■ **Your goal**
Retype every line of the data below, starting with the first and ending with the line that contains "Resort style swimming", but leave out the pictures.

■ **Extracted entries**
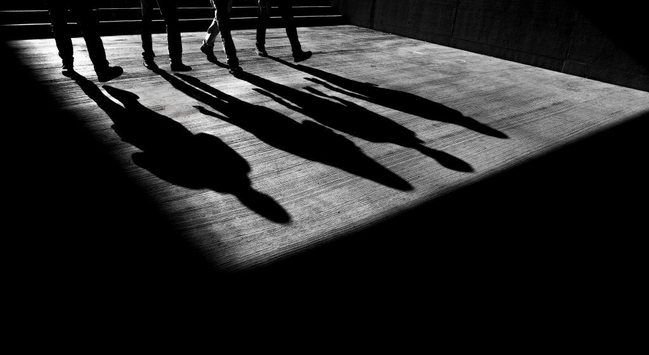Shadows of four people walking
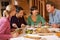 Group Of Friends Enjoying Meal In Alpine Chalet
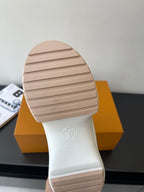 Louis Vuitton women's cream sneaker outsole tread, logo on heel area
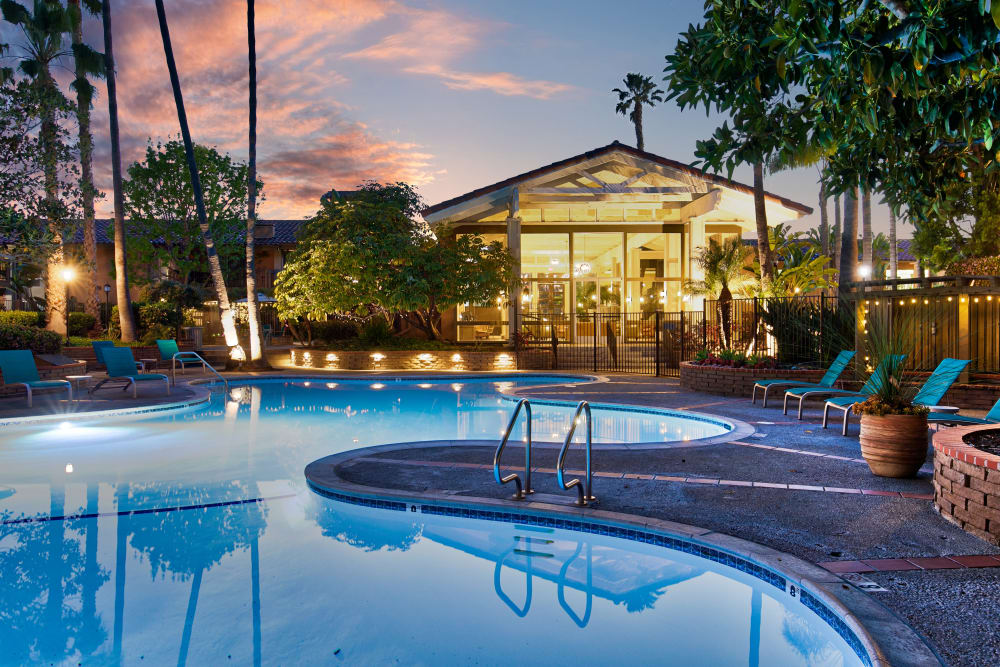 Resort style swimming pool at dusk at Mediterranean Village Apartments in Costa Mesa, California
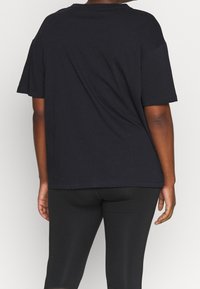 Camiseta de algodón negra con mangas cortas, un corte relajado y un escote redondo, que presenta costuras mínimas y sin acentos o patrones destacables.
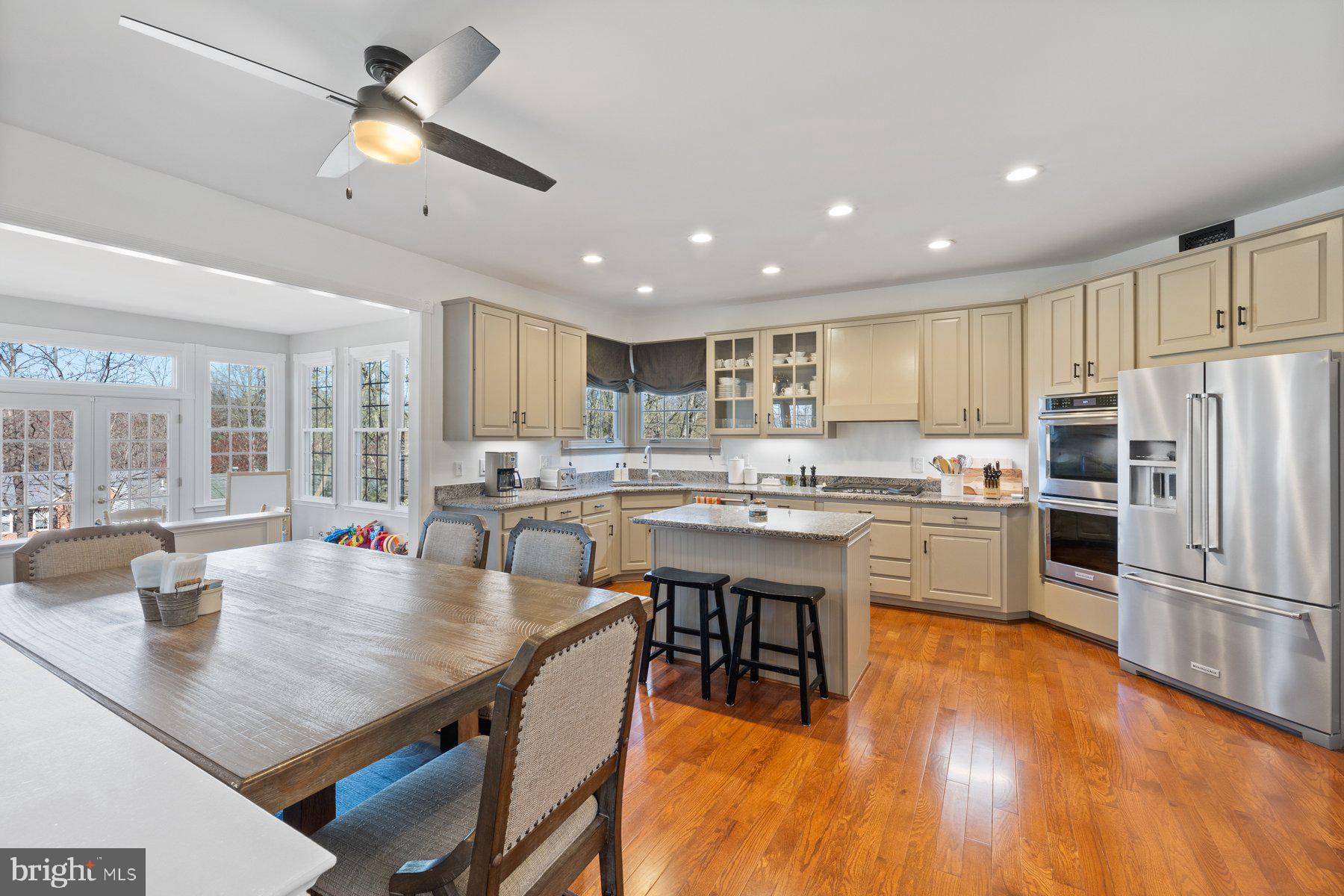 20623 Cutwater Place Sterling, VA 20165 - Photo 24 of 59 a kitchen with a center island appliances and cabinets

■ **Answer for the task**
Shadows of four people walking
 Group Of Friends Enjoying Meal In Alpine Chalet
 Louis Vuitton women's cream sneaker outsole tread, logo on heel area
 Resort style swimming pool at dusk at Mediterranean Village Apartments in Costa Mesa, California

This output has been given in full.